--- What the task requires ---
Your output should be the lines below from the one holding "Esplosione in via" through the one holding "V 25 New Color-Collision", transcribed exactly, with no pictures.

--- Entries provided ---
>>>

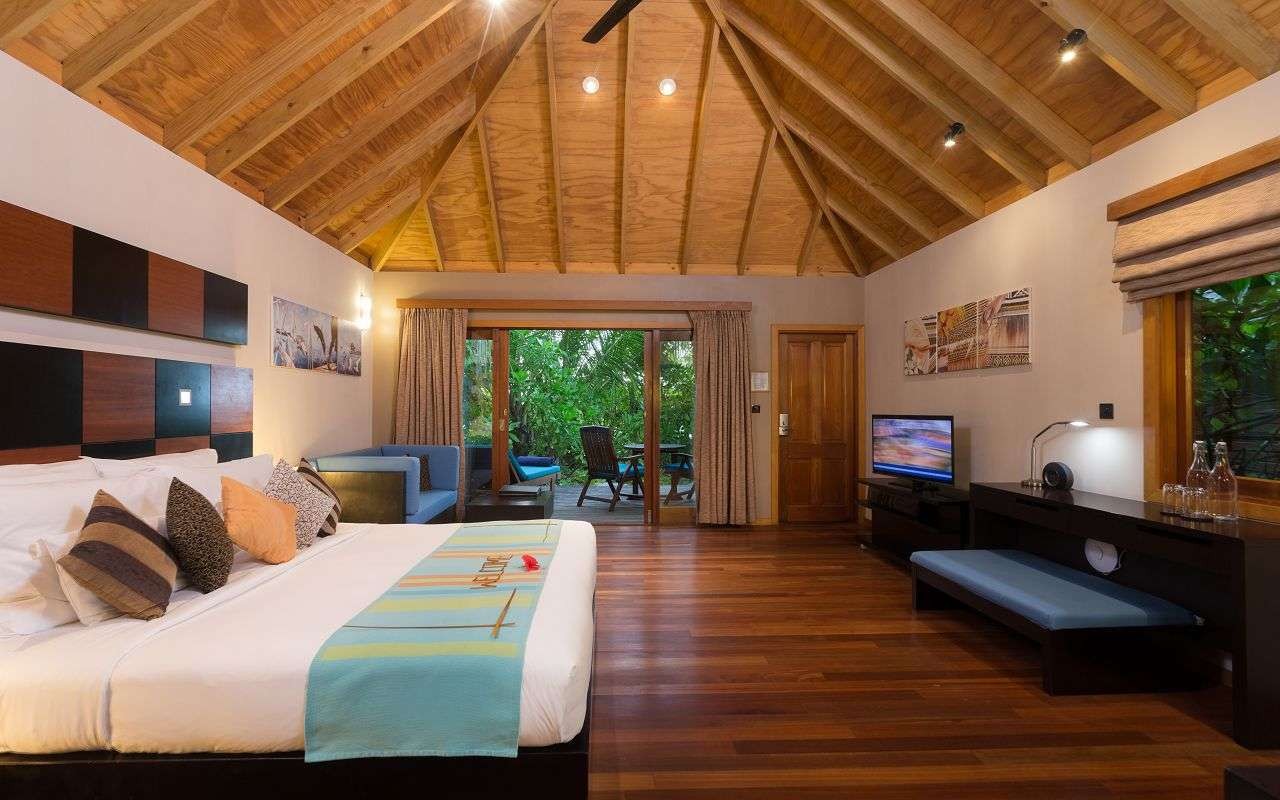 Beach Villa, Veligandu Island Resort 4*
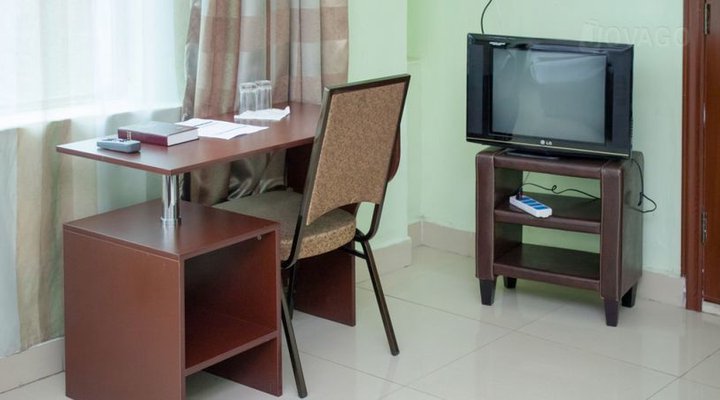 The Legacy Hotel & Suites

<<<
>>>

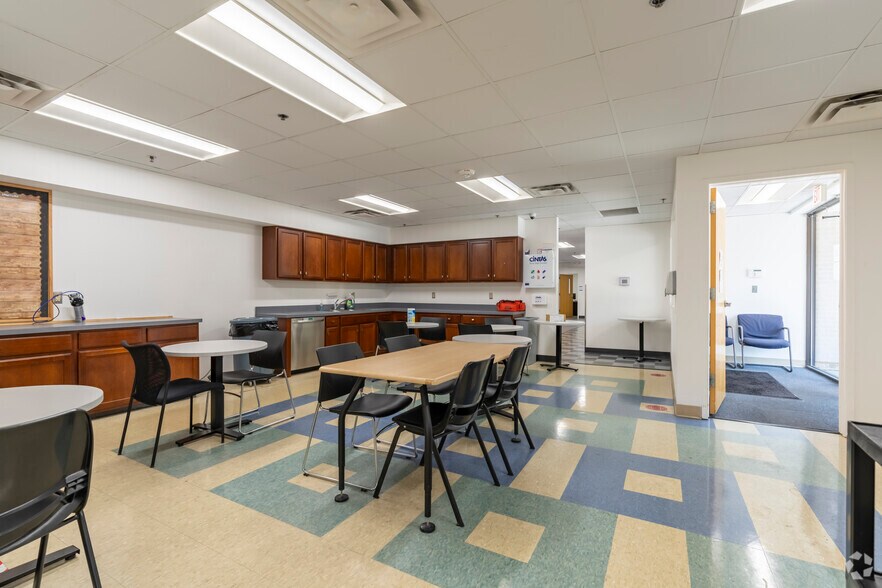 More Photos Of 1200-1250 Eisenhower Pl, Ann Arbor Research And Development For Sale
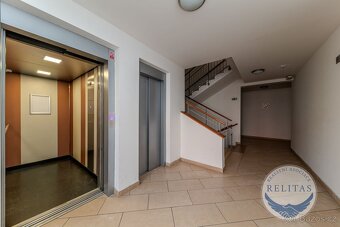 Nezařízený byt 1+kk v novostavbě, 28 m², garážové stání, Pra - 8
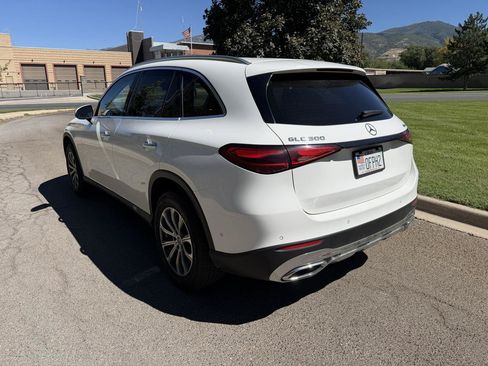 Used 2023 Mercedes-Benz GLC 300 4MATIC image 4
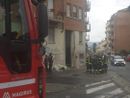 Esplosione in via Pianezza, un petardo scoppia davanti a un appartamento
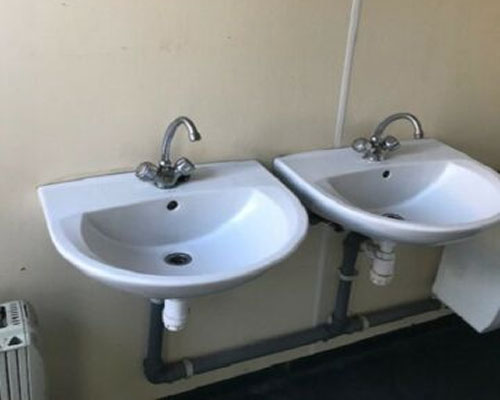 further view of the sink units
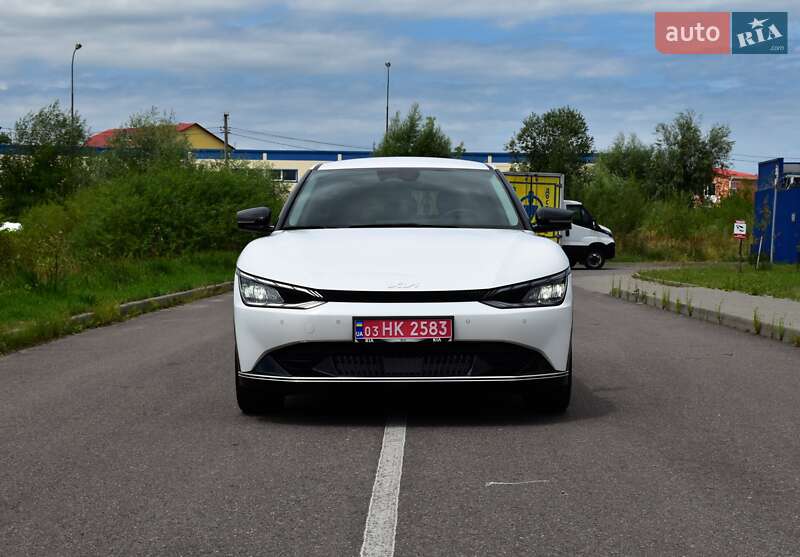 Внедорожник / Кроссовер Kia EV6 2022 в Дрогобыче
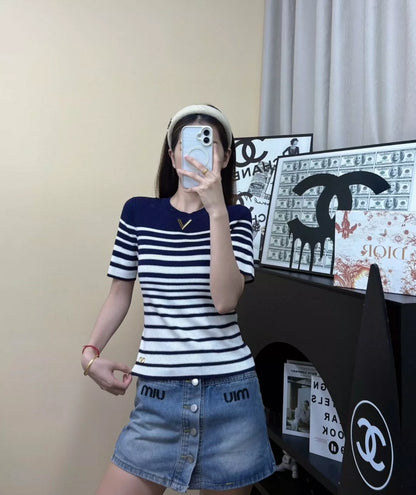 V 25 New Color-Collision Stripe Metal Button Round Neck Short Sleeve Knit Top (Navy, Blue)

<<<
>>>

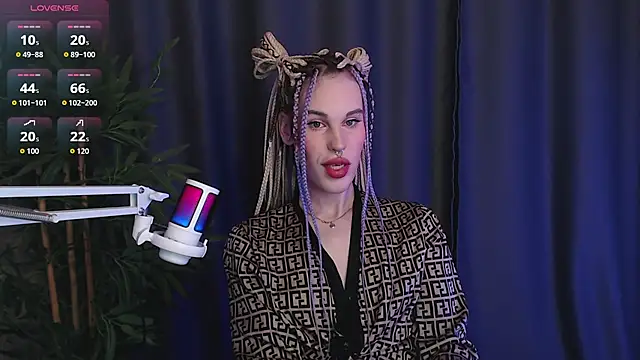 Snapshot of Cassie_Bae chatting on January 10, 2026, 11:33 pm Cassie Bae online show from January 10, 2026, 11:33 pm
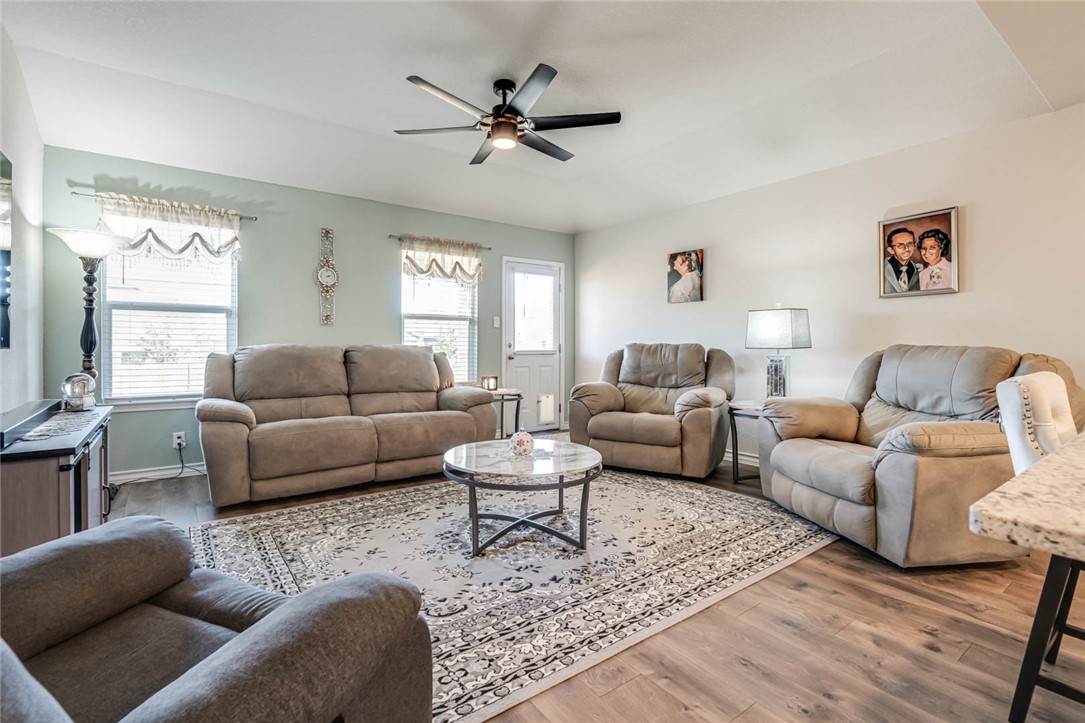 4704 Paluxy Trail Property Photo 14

<<<

--- Worked solution ---
 Esplosione in via Pianezza, un petardo scoppia davanti a un appartamento
 further view of the sink units
 Внедорожник / Кроссовер Kia EV6 2022 в Дрогобыче
 V 25 New Color-Collision Stripe Metal Button Round Neck Short Sleeve Knit Top (Navy, Blue)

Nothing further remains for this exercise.